LipNet: End-to-End Sentence-level Lipreading - COMP 562 - Alexei Kouminov Version

Meant for use on Tensorflow-GPU 2.1.0 in GCP

*NOTE: models 3 and 4 had weights that were too big for Github and therefore they are in the drive folder that I attached to the paper

Specs of use

Debian Deep Learning on Linux Includes a V2P model (model 3)

used with Grid Corpus

For data manipulation use some of these common commands:

unzip a file

sudo unzip align.zip -d align_full

un tar a file

sudo tar -xvf s32.tar

for me this was useful because I used thes commands for quick alignment preperation

There were too many of them to the rename operation so I had to do them all in their own respective s* directories

for i in {1..34}; do sudo mkdir s$i;sudo mv s$i.tar s$i/s$i.tar; cd s$i; sudo tar -xvf s$i.tar;cd ..;done

I had to rename them because my files were split up between regular .mp4 files and a *_mouth.mp4 version, it was easer to rename the aligns than the videos

for i in {1..34}; do cd s$i/align;sudo rename 's/.align/_mouth.align/' *;cd ../..; done

sudo mkdir align

putting them all into one directory

for i in {1..34}; do sudo cp s$i/align/* align; done

removing non homogenous videos, some more work can be done here as I still get errors when training

for i in {25..30};do sudo rm -rf s$i; done for i in {3..5};do sudo rm -rf s$i; done for i in {12..15};do sudo rm -rf s$i; done

do this before training, it just creates a bunch of symbolic links that it needs to start training

python prepare.py ~/video/video/video/ ~/align_full/align/ 1000

when in training directory under a specific scenario you can use this to train

note you have to move lipnet directory inside of it otherwise it cannot find it

python train.py s1

dependency of model4 only

pip install --no-deps tensorflow-addons==0.5.1

I created a convert mp4 to frame script as the framework plays nicer with frames

sudo ~/LipNetEnv/bin/python2.7 convert_mp4_to_frames.py video *.mp4 video

Keras implementation of the method described in the paper 'LipNet: End-to-End Sentence-level Lipreading' by Yannis M. Assael, Brendan Shillingford, Shimon Whiteson, and Nando de Freitas (https://arxiv.org/abs/1611.01599).

Results

Scenario	Epoch	CER	WER	BLEU
Unseen speakers [C]	N/A	N/A	N/A	N/A
Unseen speakers	178	6.19%	14.19%	88.21%
Overlapped speakers [C]	N/A	N/A	N/A	N/A
Overlapped speakers	368	1.56%	3.38%	96.93%

Notes:

[C] means using curriculum learning.
N/A means either the training is in progress or haven't been performed.
Your contribution in sharing the results of this model is highly appreciated :)

Dependencies

Keras 2.0+
Tensorflow 1.0+
PIP (for package installation)

Plus several other libraries listed on setup.py

Usage

To use the model, first you need to clone the repository:

git clone https://github.com/rizkiarm/LipNet

Then you can install the package:

cd LipNet/
pip install -e .

Note: if you don't want to use CUDA, you need to edit the setup.py and change tensorflow-gpu to tensorflow

You're done!

Here is some ideas on what you can do next:

Modify the package and make some improvements to it.
Train the model using predefined training scenarios.
Make your own training scenarios.
Use pre-trained weights to do lipreading.
Go crazy and experiment on other dataset! by changing some hyperparameters or modify the model.

Dataset

This model uses GRID corpus (http://spandh.dcs.shef.ac.uk/gridcorpus/)

Pre-trained weights

For those of you who are having difficulties in training the model (or just want to see the end results), you can download and use the weights provided here: https://github.com/rizkiarm/LipNet/tree/master/evaluation/models.

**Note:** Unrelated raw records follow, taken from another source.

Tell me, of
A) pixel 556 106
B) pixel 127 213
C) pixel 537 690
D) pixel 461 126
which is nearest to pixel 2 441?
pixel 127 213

More detail on saving and loading weights can be found in Keras FAQ.

Training

There are five different training scenarios that are (going to be) available:

Prerequisites

Download all video (normal) and align from the GRID Corpus website.
Extracts all the videos and aligns.
Create datasets folder on each training scenario folder.
Create align folder inside the datasets folder.
All current train.py expect the videos to be in the form of 100x50px mouthcrop image frames. You can change this by adding vtype = "face" and face_predictor_path (which can be found in evaluation/models) in the instantiation of Generator inside the train.py
The other way would be to extract the mouthcrop image using scripts/extract_mouth_batch.py (usage can be found inside the script).
Create symlink from each training/*/datasets/align to your align folder.
You can change the training parameters by modifying train.py inside its respective scenarios.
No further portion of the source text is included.